What is being asked:
Beginning at the line containing "Dining room, Interior, Pendant", give again every line through the end of the data, unchanged and with both ends included. Drop any pictures.

Data segment:
• • • • • • •

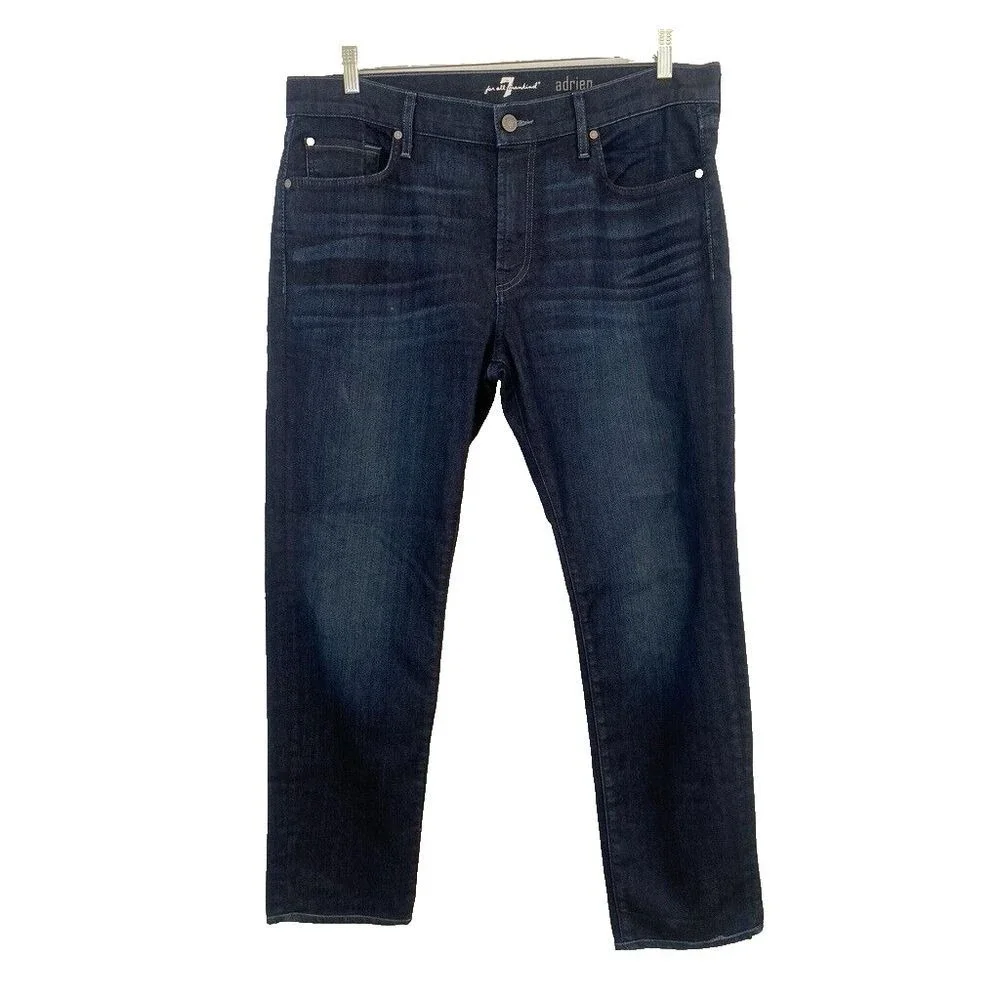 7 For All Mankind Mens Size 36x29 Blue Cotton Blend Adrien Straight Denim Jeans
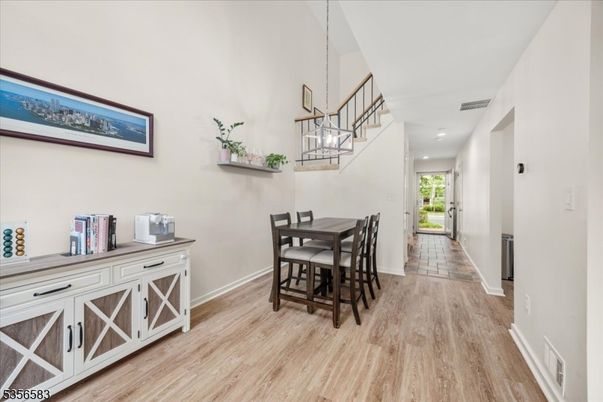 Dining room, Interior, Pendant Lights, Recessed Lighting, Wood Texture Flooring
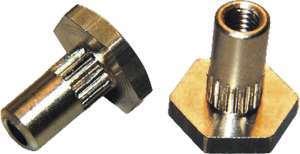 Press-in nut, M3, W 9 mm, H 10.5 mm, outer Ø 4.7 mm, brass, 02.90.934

• • • • • • •

Your response:
 Dining room, Interior, Pendant Lights, Recessed Lighting, Wood Texture Flooring
 Press-in nut, M3, W 9 mm, H 10.5 mm, outer Ø 4.7 mm, brass, 02.90.934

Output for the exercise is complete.